Partly this was exacerbated for me by the venue that has really noisy acoustics, partly also by the lighting that seemed to struggle to know what it wanted to do.

James has a talent for preternatural creepiness, a sense of impending doom and tragedy, that everyone involved is not completely themselves, physically or mentally amputated.
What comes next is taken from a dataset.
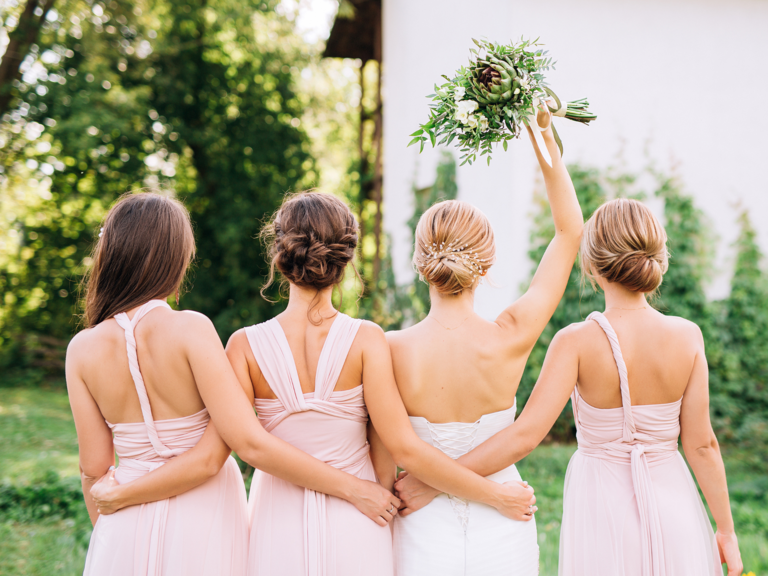 Bride and bridesmaids in open back dresses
This tale of orphaned fourteen year olds, abandoned young by their now dead father, and now looking to this uncle, a Dr Moreau who seems to make a hobby of vivisecting pigeons and decapitated people, who also holds the fortune the twins are certain they are entitled to, is simultaneously a train wreck of mental disaster, minds damaged beyond returning to the world below, unless it’s with a bolt drilled through both their shins.

My greatest feeling was there was not enough time, either to explore stuff or to hack what remained into a coherent work, nor a strong directorial line. I’d love to see the trio of pigeons (Carla Yamine, Gary Abrahams, Ivan Thorley) as an all-dancing chorus, as their presence imbued a kooky menace that could have gone so much further.

I’d also love to see the work not contained within a blackbox theatre. Not that I’ve seen any of James’s work since piglet, but it seems to rest far better in a well-chosen site than in the traditional void of the theatre machinery.

Grace is a work that needs to be reined in somewhat, it’s overabundance either focused into a grotesque hallucinogenic bad acid trip, like the more nightmarish parts of a James Elroy novel, or pulled into a restrained and quietly nasty parable. Skating between the two leaves both sides not wholly believable.

Unlike Alison at Theatre Notes, I completely missed any spiritual allegory, possibly because I’m an atheist and that stuff flies over my head. I wouldn’t like to speculate on possible religious interpretations of the afterlife to be found in Grace. I saw a ripe fairy tale from Brothers Grimm, filled with pederasty, amoral teenage rapacious sex, seductive fantasies of incestuous violence in which no one ends up worth any more than when they began.

Grace is flawed, but far from hopeless. I didn’t leave the theatre feeling like I’d lost an hour, but I am still wondering at what it could have been and how it never managed to transcend itself.